Secondly, I'd like to stress that the problem is not with the software, it's with the people who don't know how to work "correctly" with git. Most of the patches I receive have been done on master, and if I were to cherry pick them the contributer would probably not know to use pull --rebase or to set autosetuprebase in their configuration unless I told them to.

I agree, topic branches are the way to go, but you're preaching to the choir. Github's fork queue is appealing to people who are not comfortable using git on the command line. Unfortunately the defaults it uses are harmful to exactly that demographic. These people don't understand topic branches or git's inherent immutability in the model or that history can be nonlinear, so expecting them to understand the implications of cherry picking and rebasing is a little naive.

melo said...

I don't think that git looks that much attention to the sequence of commits. The only check for sha1's that he does (AFAIK) is to determine if he can fast-forward or not. If not, then he just uses a straight three-way merge between the two trees.

As long as commits A->B->C result in the same tree as C->A->B (or even C+B->A, git doesn't care about the sequence. it merges the content, not the commit sequence.

Thats why its called a content tracker.
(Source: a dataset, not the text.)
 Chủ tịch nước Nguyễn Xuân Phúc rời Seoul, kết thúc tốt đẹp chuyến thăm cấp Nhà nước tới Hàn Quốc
He worries about end results, not how you got there.

And yes, I understood that this is about best practices and workflow, not about git limitations.

And yes, I can see now that the current fork-queue is not that good for non-power users. I think they need a rebase my master button :).

Jason said...

> And yes, I can see now that the current fork-queue is not that good for non-power users. I think they need a rebase my master button :).

Yeah, a rebase my master button would indeed be awesome.